**WHAT YOU NEED TO DO**
The records below need retyping in full; give them again exactly.

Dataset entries
#####

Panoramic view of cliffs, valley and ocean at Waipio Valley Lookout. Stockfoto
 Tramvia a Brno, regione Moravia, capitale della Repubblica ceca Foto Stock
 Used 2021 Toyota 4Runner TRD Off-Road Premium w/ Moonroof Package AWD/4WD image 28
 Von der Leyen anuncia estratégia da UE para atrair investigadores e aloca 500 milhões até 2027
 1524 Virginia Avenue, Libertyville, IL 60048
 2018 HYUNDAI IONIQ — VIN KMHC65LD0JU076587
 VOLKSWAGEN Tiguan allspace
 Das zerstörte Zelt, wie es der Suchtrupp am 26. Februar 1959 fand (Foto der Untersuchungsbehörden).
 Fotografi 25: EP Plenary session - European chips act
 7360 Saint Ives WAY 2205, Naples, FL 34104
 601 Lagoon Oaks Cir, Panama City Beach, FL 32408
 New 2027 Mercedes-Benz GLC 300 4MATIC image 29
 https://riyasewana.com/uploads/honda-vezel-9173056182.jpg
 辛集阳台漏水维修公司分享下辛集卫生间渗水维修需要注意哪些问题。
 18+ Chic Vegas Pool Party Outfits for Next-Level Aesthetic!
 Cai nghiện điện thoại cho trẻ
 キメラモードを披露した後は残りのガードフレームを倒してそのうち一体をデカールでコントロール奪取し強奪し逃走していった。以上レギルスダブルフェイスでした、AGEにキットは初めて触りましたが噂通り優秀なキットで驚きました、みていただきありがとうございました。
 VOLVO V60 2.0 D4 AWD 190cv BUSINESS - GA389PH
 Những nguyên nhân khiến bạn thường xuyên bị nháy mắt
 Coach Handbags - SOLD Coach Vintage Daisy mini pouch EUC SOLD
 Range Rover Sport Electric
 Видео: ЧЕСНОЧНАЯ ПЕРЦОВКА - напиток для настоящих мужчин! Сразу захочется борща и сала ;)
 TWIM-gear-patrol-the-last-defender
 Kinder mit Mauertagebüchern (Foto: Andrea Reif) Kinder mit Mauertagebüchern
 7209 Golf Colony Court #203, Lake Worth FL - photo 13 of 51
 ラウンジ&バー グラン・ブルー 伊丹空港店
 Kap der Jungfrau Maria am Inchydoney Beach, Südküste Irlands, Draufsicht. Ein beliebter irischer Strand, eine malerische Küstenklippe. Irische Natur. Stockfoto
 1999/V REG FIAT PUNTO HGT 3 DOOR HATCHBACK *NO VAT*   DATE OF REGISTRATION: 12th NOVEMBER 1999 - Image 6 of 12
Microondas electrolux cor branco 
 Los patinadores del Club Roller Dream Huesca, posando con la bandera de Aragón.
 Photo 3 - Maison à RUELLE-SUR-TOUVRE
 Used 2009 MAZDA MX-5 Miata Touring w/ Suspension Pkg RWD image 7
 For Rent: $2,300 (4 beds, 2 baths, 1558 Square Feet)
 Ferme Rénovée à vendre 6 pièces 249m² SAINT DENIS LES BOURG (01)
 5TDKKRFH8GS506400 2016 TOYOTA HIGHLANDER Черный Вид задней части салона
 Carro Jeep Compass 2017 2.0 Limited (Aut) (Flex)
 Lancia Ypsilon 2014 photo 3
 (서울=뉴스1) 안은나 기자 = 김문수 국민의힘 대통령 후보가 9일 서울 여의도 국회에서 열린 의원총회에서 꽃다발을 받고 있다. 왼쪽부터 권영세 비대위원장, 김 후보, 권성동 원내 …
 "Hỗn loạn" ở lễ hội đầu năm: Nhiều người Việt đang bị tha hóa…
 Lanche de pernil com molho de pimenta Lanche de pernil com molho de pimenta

#####

**ANSWER SPACE**
Panoramic view of cliffs, valley and ocean at Waipio Valley Lookout. Stockfoto
 Tramvia a Brno, regione Moravia, capitale della Repubblica ceca Foto Stock
 Used 2021 Toyota 4Runner TRD Off-Road Premium w/ Moonroof Package AWD/4WD image 28
 Von der Leyen anuncia estratégia da UE para atrair investigadores e aloca 500 milhões até 2027
 1524 Virginia Avenue, Libertyville, IL 60048
 2018 HYUNDAI IONIQ — VIN KMHC65LD0JU076587
 VOLKSWAGEN Tiguan allspace
 Das zerstörte Zelt, wie es der Suchtrupp am 26. Februar 1959 fand (Foto der Untersuchungsbehörden).
 Fotografi 25: EP Plenary session - European chips act
 7360 Saint Ives WAY 2205, Naples, FL 34104
 601 Lagoon Oaks Cir, Panama City Beach, FL 32408
 New 2027 Mercedes-Benz GLC 300 4MATIC image 29
 https://riyasewana.com/uploads/honda-vezel-9173056182.jpg
 辛集阳台漏水维修公司分享下辛集卫生间渗水维修需要注意哪些问题。
 18+ Chic Vegas Pool Party Outfits for Next-Level Aesthetic!
 Cai nghiện điện thoại cho trẻ
 キメラモードを披露した後は残りのガードフレームを倒してそのうち一体をデカールでコントロール奪取し強奪し逃走していった。以上レギルスダブルフェイスでした、AGEにキットは初めて触りましたが噂通り優秀なキットで驚きました、みていただきありがとうございました。
 VOLVO V60 2.0 D4 AWD 190cv BUSINESS - GA389PH
 Những nguyên nhân khiến bạn thường xuyên bị nháy mắt
 Coach Handbags - SOLD Coach Vintage Daisy mini pouch EUC SOLD
 Range Rover Sport Electric
 Видео: ЧЕСНОЧНАЯ ПЕРЦОВКА - напиток для настоящих мужчин! Сразу захочется борща и сала ;)
 TWIM-gear-patrol-the-last-defender
 Kinder mit Mauertagebüchern (Foto: Andrea Reif) Kinder mit Mauertagebüchern
 7209 Golf Colony Court #203, Lake Worth FL - photo 13 of 51
 ラウンジ&バー グラン・ブルー 伊丹空港店
 Kap der Jungfrau Maria am Inchydoney Beach, Südküste Irlands, Draufsicht. Ein beliebter irischer Strand, eine malerische Küstenklippe. Irische Natur. Stockfoto
 1999/V REG FIAT PUNTO HGT 3 DOOR HATCHBACK *NO VAT*   DATE OF REGISTRATION: 12th NOVEMBER 1999 - Image 6 of 12
Microondas electrolux cor branco 
 Los patinadores del Club Roller Dream Huesca, posando con la bandera de Aragón.
 Photo 3 - Maison à RUELLE-SUR-TOUVRE
 Used 2009 MAZDA MX-5 Miata Touring w/ Suspension Pkg RWD image 7
 For Rent: $2,300 (4 beds, 2 baths, 1558 Square Feet)
 Ferme Rénovée à vendre 6 pièces 249m² SAINT DENIS LES BOURG (01)
 5TDKKRFH8GS506400 2016 TOYOTA HIGHLANDER Черный Вид задней части салона
 Carro Jeep Compass 2017 2.0 Limited (Aut) (Flex)
 Lancia Ypsilon 2014 photo 3
 (서울=뉴스1) 안은나 기자 = 김문수 국민의힘 대통령 후보가 9일 서울 여의도 국회에서 열린 의원총회에서 꽃다발을 받고 있다. 왼쪽부터 권영세 비대위원장, 김 후보, 권성동 원내 …
 "Hỗn loạn" ở lễ hội đầu năm: Nhiều người Việt đang bị tha hóa…
 Lanche de pernil com molho de pimenta Lanche de pernil com molho de pimenta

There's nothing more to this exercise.